Mesmo quando consegue resistir à tentação do ativismo judicial, o Supremo Tribunal Federal comete a façanha de deixar uma marca negativa, fazendo o errado até quando faz o certo. Foi o que aconteceu nesta quinta-feira, quando a corte encerrou o julgamento sobre a constitucionalidade de um trecho da Lei das Estatais que proibia nomeações de detentores de cargo legislativo, ministros ou secretários de Estado, bem como dirigentes sindicais ou partidários, para cargos de direção ou para os conselhos de administração de estatais. Estas vedações foram questionadas no STF pelo PCdoB, que prestava um favor ao presidente Lula, e tinham sido liminarmente derrubadas por Ricardo Lewandowski no início de 2023, quando ele ainda ocupava uma cadeira no Supremo.
Lewandowski, hoje fora da corte, foi acompanhado apenas por Flávio Dino e Gilmar Mendes; Cristiano Zanin não votou, pois substituiu Lewandowski no STF; os outros oito membros da corte seguiram a divergência aberta por André Mendonça, que considerou perfeitamente constitucionais as regras aprovadas pelo Congresso Nacional em 2016, na esteira do escândalo do petrolão. Mendonça lembrou, muito acertadamente, que as vedações são condizentes com práticas de boa governança, recomendadas inclusive pela Organização para a Cooperação e Desenvolvimento Econômico (OCDE), e que não há nada de “desproporcional” na lei de 2016. O ministro ainda entrou em um debate com Gilmar Mendes sobre uma correlação entre a entrada em vigor da legislação e os resultados positivos obtidos pelas estatais desde então (muitos deles já revertidos desde a posse de Lula); uma discussão até certo ponto infrutífera, pois a razoabilidade das vedações legais seguiria existindo independentemente dos balanços bons ou ruins das empresas.
STF criou uma situação bizarra em que algumas das principais estatais brasileiras são comandadas por pessoas que não atendem aos requisitos legais para estar nos postos que ocupam, apenas porque foram indicados durante uma “janela de desrespeito à lei”
O resultado de 8 a 3 em favor da constitucionalidade das vedações às nomeações políticas teria tudo para ser amplamente celebrado, se não fosse uma sugestão de Dias Toffoli, que no passado recente vem acumulando uma série de decisões e votos completamente alinhados com o governo, com direito a uma reescrita falsa e grosseira da história da Operação Lava Jato. O ministro sugeriu uma modulação na qual as nomeações feitas por Lula enquanto vigorou a liminar de Lewandowski continuariam válidas; apenas de agora em diante o presidente precisaria seguir a legislação. A sugestão, vergonhosamente, foi aceita por unanimidade pela corte; até mesmo Mendonça, que inicialmente havia votado pela saída dos nomeados que não cumprissem a exigência legal, mudou de ideia ao longo do julgamento. Com isso, petistas como Jean Paul Prates e Aloizio Mercadante poderão seguir à frente da Petrobras e do BNDES, respectivamente, ainda que não se encaixem nos critérios da Lei das Estatais.

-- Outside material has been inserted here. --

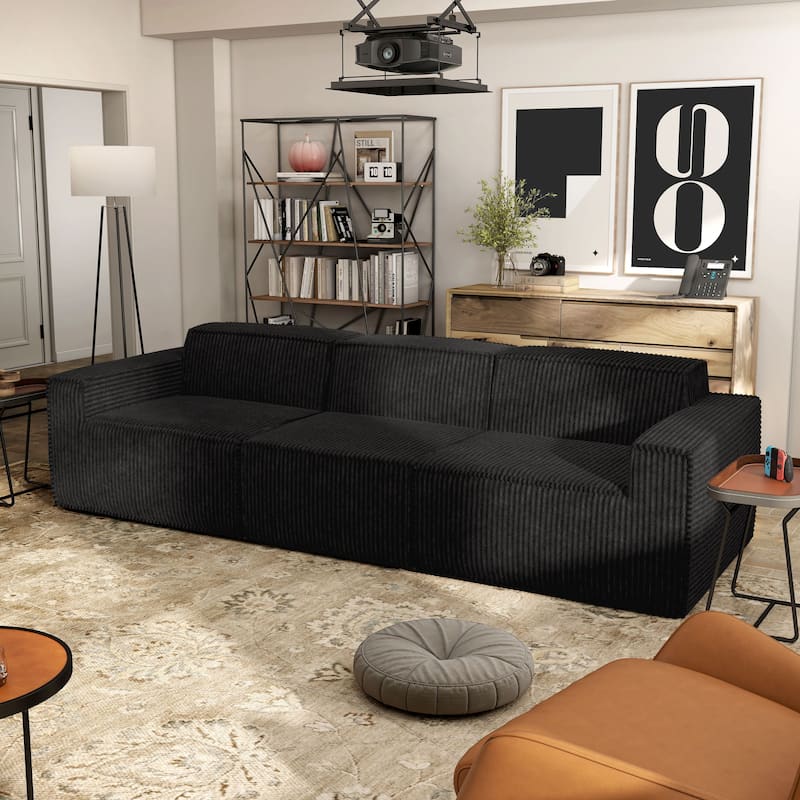 Furniture of America Navir Modern 3-Piece Chenille Foam Modular Sofa - Black - With Arms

Em outras palavras, a corte decidiu que a lei vale, ma non troppo. Ora, se a Lei das Estatais é constitucional, é porque ela sempre o foi, apesar da liminar de Lewandowski – que, recorde-se, resolveu dar sua canetada enquanto o julgamento da ação em plenário virtual já estava em andamento. Seria totalmente razoável exigir que Mercadante, Prates e outros deixassem seus postos e fossem substituídos por nomes que cumprissem os critérios legais, sem punição alguma para quem indicou e quem foi indicado, já que na ocasião os dispositivos que vedariam tais indicações estavam liminarmente revogados. No entanto, o STF escolheu desmoralizar a lei cuja constitucionalidade acabara de reafirmar, tudo em nome da mera conveniência política.

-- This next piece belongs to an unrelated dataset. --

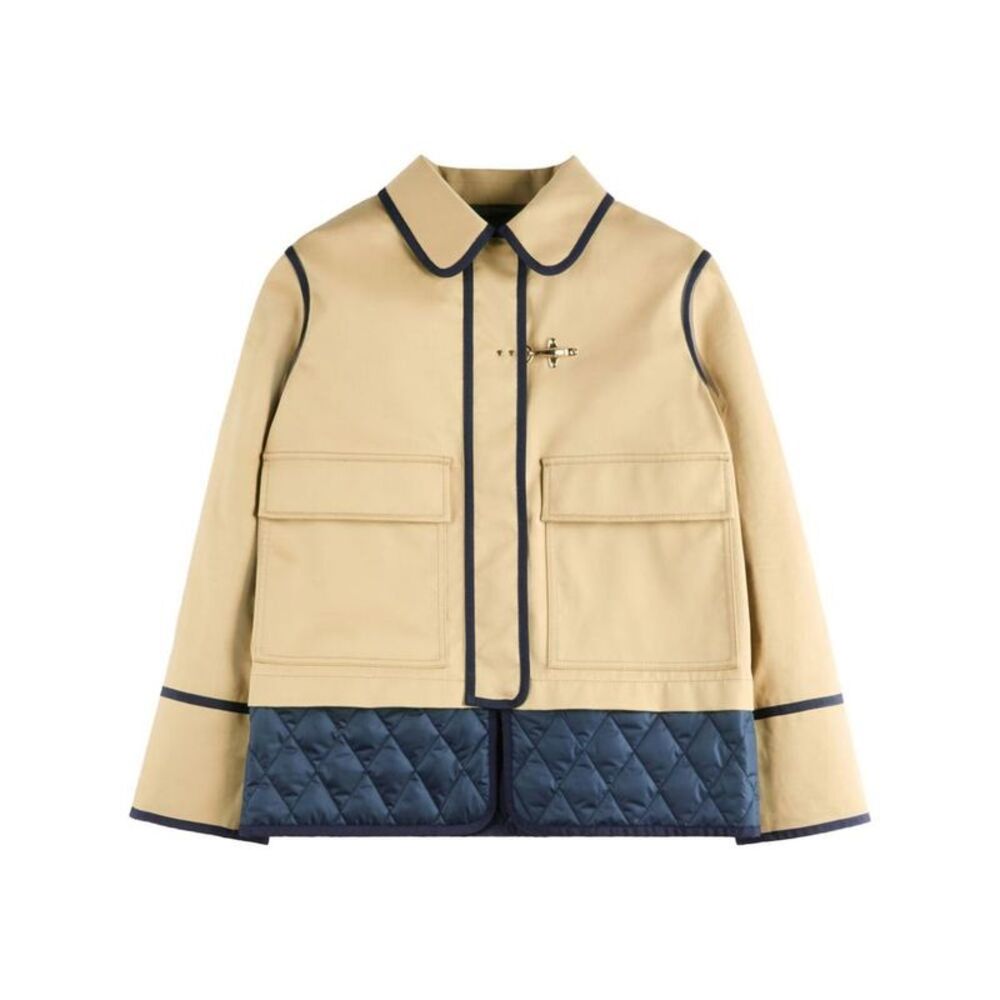FAY Women's Toggle Front Quilted Hem Jacket Women Beige Coats & Jackets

Há muito o STF já não é mais visto como o poder imparcial que deveria ser, seja porque persegue ferozmente a liberdade de expressão de apenas um lado do espectro político-ideológico, seja porque ignora a Constituição, as leis e a jurisprudência quando convém para facilitar a vida do outro lado desse mesmo espectro, seja porque se empenha em criar insegurança jurídica reescrevendo a história e decidindo arbitrariamente quando as leis valem ou não, como acaba de acontecer neste caso. Criar uma situação bizarra em que algumas das principais estatais brasileiras são comandadas por pessoas que não atendem aos requisitos legais para estar nos postos que ocupam, apenas porque foram indicados durante uma “janela de desrespeito à lei”, é um ataque grosseiro ao bom senso, à lógica e à letra da legislação.